# Garden Trains: $10 Dollar Sound System



## Blk69 (Dec 6, 2009)

Found this link on youtube. Anyone have any experience with this upgrade? Looks interesting.



http://www.youtube.com/watch?v=fjuqqtOLFi8


----------



## jwalls110 (Dec 12, 2012)

Nice economical way to get sound. Too bad i have to pay to read it.


----------



## Blk69 (Dec 6, 2009)

That is exactly what I thought too. I was hoping someone had a subscription to the web site and could advise if the sound system was worth the price of membership? 

Anyone belong to the garden trains website?


----------



## jhking52 (May 6, 2011)

There are two stories available. It is based on a MP3 player with some additional control and power mods. Original story mentions the vendor website which is www DOT electronics123 DOT com

The info on the LSOL site is to me worth the low fee to participate.


----------



## Martan (Feb 4, 2012)

http://www.mdfly.com/index.php?main_page=product_info&cPath=9_53&products_id=83 

Can't speak to the LSOL article, but this is a nice $10 mp3 player card. It sounds really good but needs some support to put it in a locomotive. 
I'm thinking two of these with a micro controller would be sweet. One card plays the engine sounds, the other does horns, bells and sfx.


----------



## Del Tapparo (Jan 4, 2008)

Posted By jwalls110 on 06 Nov 2013 10:38 AM 
Nice economical way to get sound. Too bad i have to pay to read it. 
Yes, for LSOL, you pay before you play ( and then often dissappointed). IMO of coursel


----------



## jwalls110 (Dec 12, 2012)

Also what I have heard Del.


----------



## TonyWalsham (Jan 2, 2008)

Is LSOL still around?


----------



## Dansgscale (Jan 9, 2010)

I have been using these MP3 player modules from MDFly for awhile at the Museum and they work great. I use the 2 watt amp from Carl's Electronics that is based on a LM386 Op Amp which run about $12.00 to amp up the sound of the MP3 player Module using a 8 Ohm speaker for very loud volume. So for roughly $25 I have a great sound system at add sound to the various exhibit components in the museum. On the Garden railway front though It also works well do to its small size. You could use a Picaxe Microprocessor to control the playing of the various sound files on the MDFly MP3 Player module as it can be operated via a TTL interface and play any of 999 files, stored on a SD card. Using the Analog input on the Picaxe you can sample the voltage going to the motor to select which sound to play, that is if you are using track power. If you are using and RC system you could sample the Pulse width going to the Speed controller from the R/C equipment to trigger the various sounds as well, plus with the R/C setup you could activate the Whistle and Bell remotely as well by hooking different inputs to the PICaxe processor to the servo connections of the receiver and triggering them using the joystick on the transmitter. 
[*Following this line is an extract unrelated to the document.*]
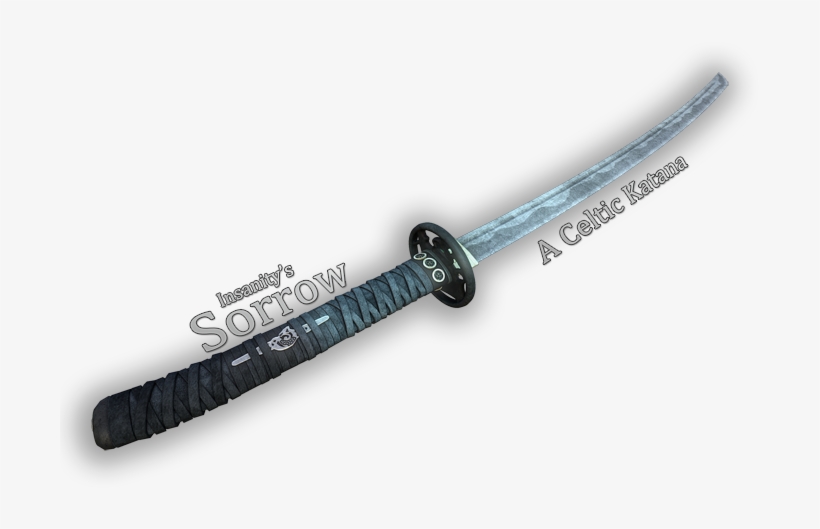 Celtickatana Title - Sabre, transparent png #4332322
I figure using a RS pref board you could mount the MP3 Player, the LM386 chip and the 4 associated parts for the amp and this little power supply ( http://www.ebay.com/itm/130994366448 ) all on the board and it would easily fit inside a boiler of any Bachmann or Delton locomotive if your doing steam. would be even easier if your doing diesels. I will make one up as soon as I get the Power supply modules for china that I ordered. It will take a couple of weeks, but at a $1.98 each I can wait. 

Dan S.


----------



## Dan Pierce (Jan 2, 2008)

Tony, LSOL and polk/Aristocraft both left us in December.


----------



## CliffyJ (Apr 29, 2009)

Thanks jhking for the electronics123 site. They have a lot of interesting stuff. 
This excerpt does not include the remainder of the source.